_WORK TO COMPLETE_: Transcribe the records verbatim, images excluded.
***** PROVIDED DATA
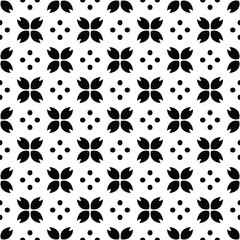  Seamless vector pattern in geometric ornamental style. Black pattern.Design element for prints, backgrounds, template, web pages and textile pattern. Geometric art.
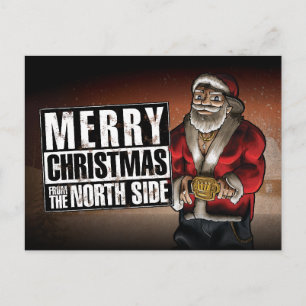 Cartes Pour Fêtes Annuelles Joyeux Noël du côté nord
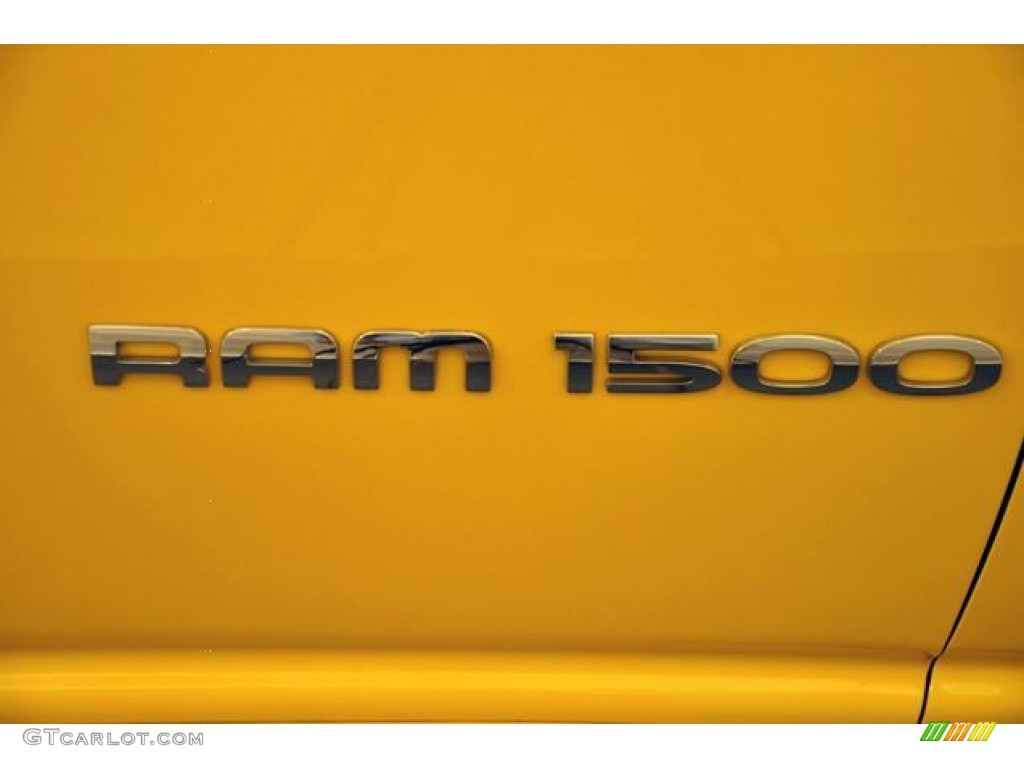 2005 Ram 1500 SLT Rumble Bee Regular Cab 4x4 - Solar Yellow / Dark Slate Gray photo #25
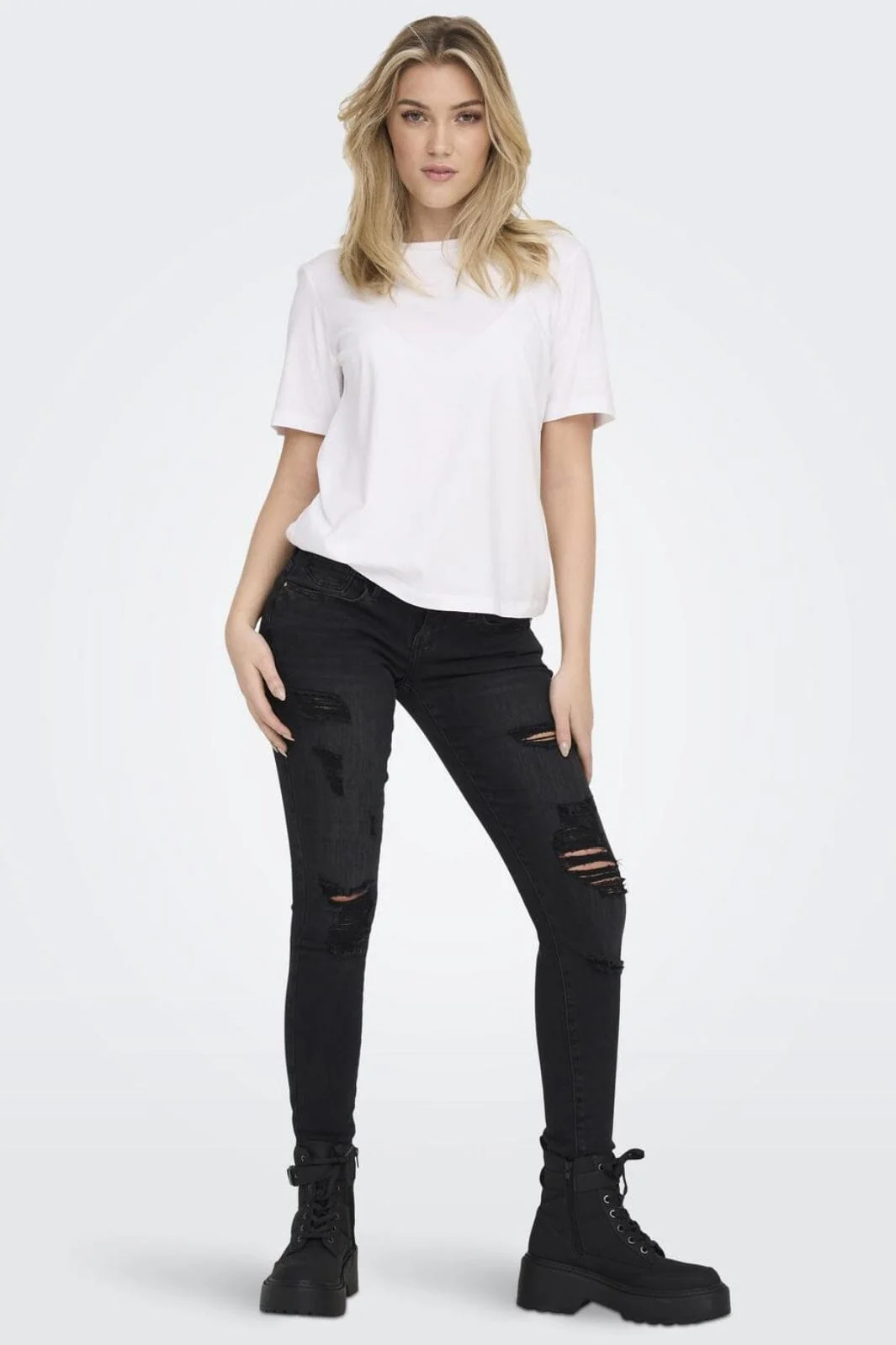 Only - Onlonly S/S Tee - 4003451 White - Image 5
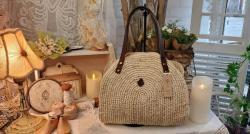  【クリアランスSALE】クレドラン　SEMICIRCLE BASKET M:NATURAL*50%OFF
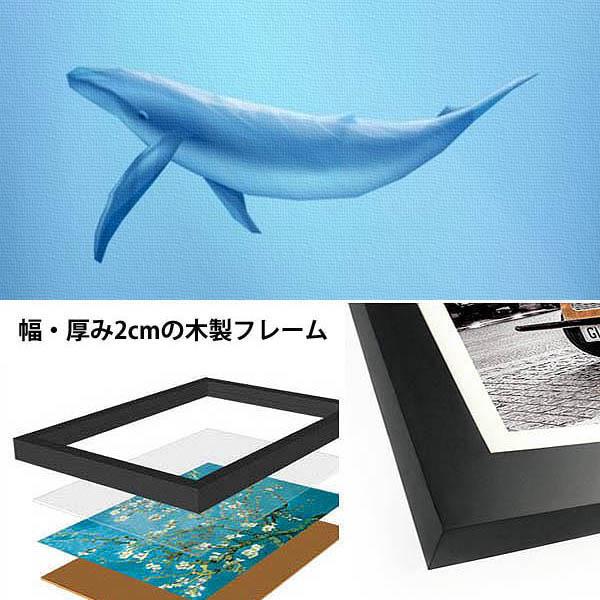 単品 33×43cm アートパネル 枠付きフレーム絵画 鯨 くじら ホエール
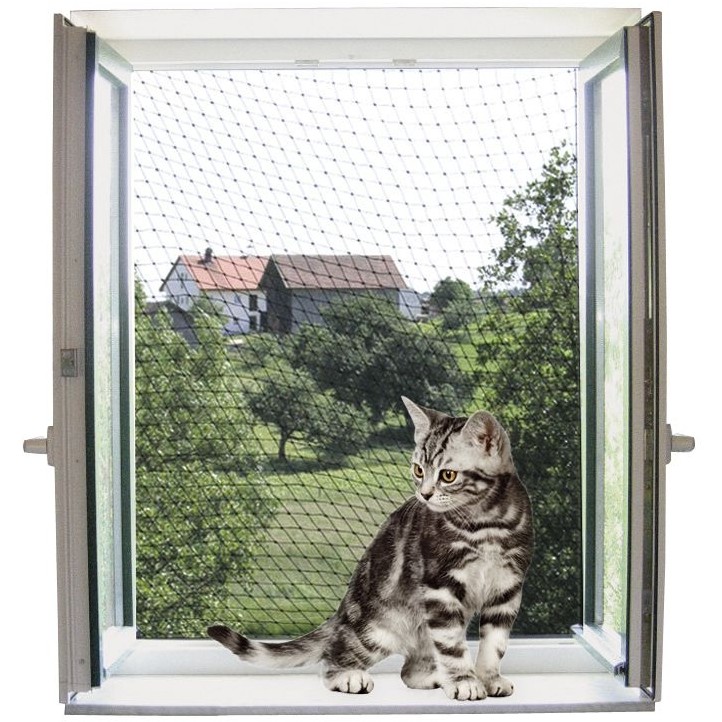 Katzenschutznetz transparent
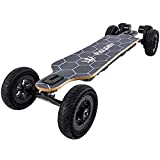 Electric Skateboard RALDEY V3S-at All Terrain Offroad Cruiser, 30Mph Speed, 20 Miles Range, Mountain Board with Remote for Adults Teens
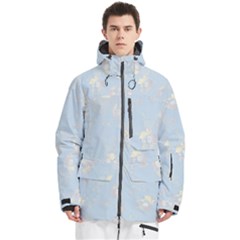 Men s Multi Pockets Zip Ski and Snowboard Waterproof Breathable Jacket 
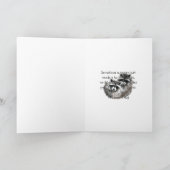 の考えラクーンの動物気には カード (内部)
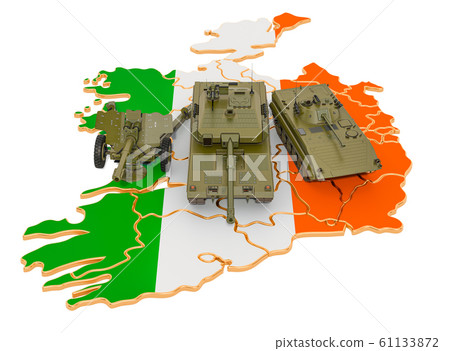Combat vehicles on Irish map 61133872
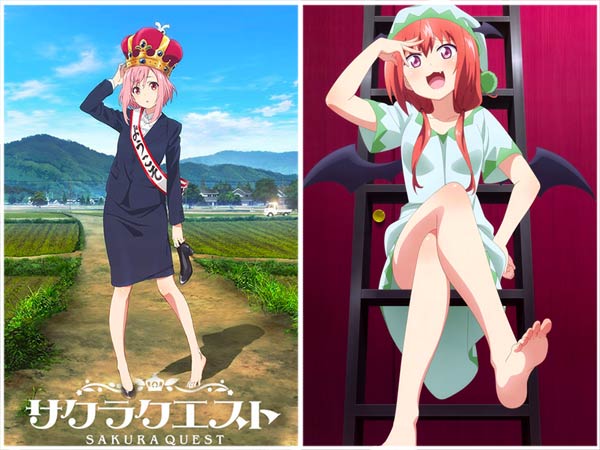 sakura quest and boke tsukkomi characters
**********
_COMPLETED EXERCISE_:
  Seamless vector pattern in geometric ornamental style. Black pattern.Design element for prints, backgrounds, template, web pages and textile pattern. Geometric art.
 Cartes Pour Fêtes Annuelles Joyeux Noël du côté nord
 2005 Ram 1500 SLT Rumble Bee Regular Cab 4x4 - Solar Yellow / Dark Slate Gray photo #25
 Only - Onlonly S/S Tee - 4003451 White - Image 5
  【クリアランスSALE】クレドラン　SEMICIRCLE BASKET M:NATURAL*50%OFF
 単品 33×43cm アートパネル 枠付きフレーム絵画 鯨 くじら ホエール
 Katzenschutznetz transparent
 Electric Skateboard RALDEY V3S-at All Terrain Offroad Cruiser, 30Mph Speed, 20 Miles Range, Mountain Board with Remote for Adults Teens
 Men s Multi Pockets Zip Ski and Snowboard Waterproof Breathable Jacket 
 の考えラクーンの動物気には カード (内部)
Combat vehicles on Irish map 61133872
 sakura quest and boke tsukkomi characters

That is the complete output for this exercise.